CLOSED-END FUND (CEF) COMMENTARY: Are Discounts Topping Out? It Depends…

This month, as shown in the table above, CEFs continued their general narrowing pattern, if only modestly.  For the calendar year 2017, we have seen a steady generic narrowing across the board, with equity funds narrowing almost four (4) discount points and the average bond fund narrowing a bit more than two (2) points.  While this has been most welcomed, it has led many CEF observers to ask the question:  Have discounts gotten to the point where they may have topped out? 

As with all questions in the economic and investment arena, the short answer is “It Depends.”  More specifically on this issue, it depends upon the timeframe used to gauge historic averages of CEFs.

If one looks simply at the near term, discounts do look a little high.  As shown in the 1 year and 3 year graph above, recent narrowing trends have left CEF discounts at higher levels.   In fact, taking this short term view, CEFs could be seen as potentially overvalued.

However, if one takes a longer term view, things appear to be much different.  In this regard, it is important to point out that over the past decade, CEFs have had two significant pricing dislocations which have led to periods of generic widenings.  In 2013, CEFS had a large widening period relating to the “taper tantrum.”   Also, in 2008, CEFs suffered through a very large widening period, as investors lost confidence in almost all investments.

As shown in the five and ten year charts,  a view of longer term discount averages paints a different picture from a short term look back.  Due to the dislocations discussed above, CEF discounts had been trading at historically depressed levels.  Accordingly, the recent narrowing strength in CEFs can be seen as only a partial recovery.  In this regard, for CEFs to fully recover from the dislocations, even further generic narrowings would need to occur.

So where do we go from here?  At SFS, we believe that the answer to the fundamental question of relative levels of discounts is somewhere in between the two analyses discussed above.  On a purely longer term historical analysis, it appears that CEFs, especially bond funds, have continued upside potential.  However, there have been additional fundamental changes to the CEF marketplace which could affect discount levels overall.  On the positive side, increased demand (higher levels of overall investment) coupled with decreased supply (less CEFs due to mergers and open-endings) would support higher levels.  However, on the negative side, the increased presence and popularity of exchange traded funds (ETFs) as an alternative could lead to decreased demand and support lower overall levels.
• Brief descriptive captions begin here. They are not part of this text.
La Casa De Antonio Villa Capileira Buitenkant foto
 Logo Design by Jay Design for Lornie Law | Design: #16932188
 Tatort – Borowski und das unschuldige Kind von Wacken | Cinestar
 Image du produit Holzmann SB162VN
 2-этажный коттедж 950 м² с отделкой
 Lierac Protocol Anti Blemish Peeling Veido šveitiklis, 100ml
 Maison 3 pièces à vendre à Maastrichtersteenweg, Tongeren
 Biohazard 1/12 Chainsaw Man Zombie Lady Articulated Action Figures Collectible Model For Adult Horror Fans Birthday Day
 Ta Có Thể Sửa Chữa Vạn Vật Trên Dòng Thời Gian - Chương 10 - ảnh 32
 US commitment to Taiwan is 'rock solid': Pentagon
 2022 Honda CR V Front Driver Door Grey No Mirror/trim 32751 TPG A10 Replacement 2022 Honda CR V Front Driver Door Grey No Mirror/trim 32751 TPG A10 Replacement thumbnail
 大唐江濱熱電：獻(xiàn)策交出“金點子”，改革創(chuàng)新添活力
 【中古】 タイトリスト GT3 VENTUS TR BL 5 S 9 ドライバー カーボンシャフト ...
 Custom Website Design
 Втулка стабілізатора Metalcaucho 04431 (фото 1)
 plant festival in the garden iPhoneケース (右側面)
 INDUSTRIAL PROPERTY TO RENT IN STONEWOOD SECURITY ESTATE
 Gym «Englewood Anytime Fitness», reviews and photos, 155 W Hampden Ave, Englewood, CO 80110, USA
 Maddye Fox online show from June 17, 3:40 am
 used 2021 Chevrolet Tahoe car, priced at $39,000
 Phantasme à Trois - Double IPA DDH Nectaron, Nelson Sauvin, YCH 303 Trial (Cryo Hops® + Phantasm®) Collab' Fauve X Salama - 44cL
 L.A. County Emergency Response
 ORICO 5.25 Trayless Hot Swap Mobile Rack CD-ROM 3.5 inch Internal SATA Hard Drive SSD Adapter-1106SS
At SFS, we primarily favor a reactive approach to discount movements.  That is to say, we prefer to monitor movements in discounts and adapt our trading strategies in lieu of committing to strategies in advance based upon predictions of CEF discount movements.  But that being said, we currently see no reason to believe that CEFs have any distinctly expected directionality.  Under such circumstances, especially when coupled with the current lack of volatility in the markets in general, a plateauing of discounts certainly appears to be a rational expectation for the near to mid-term.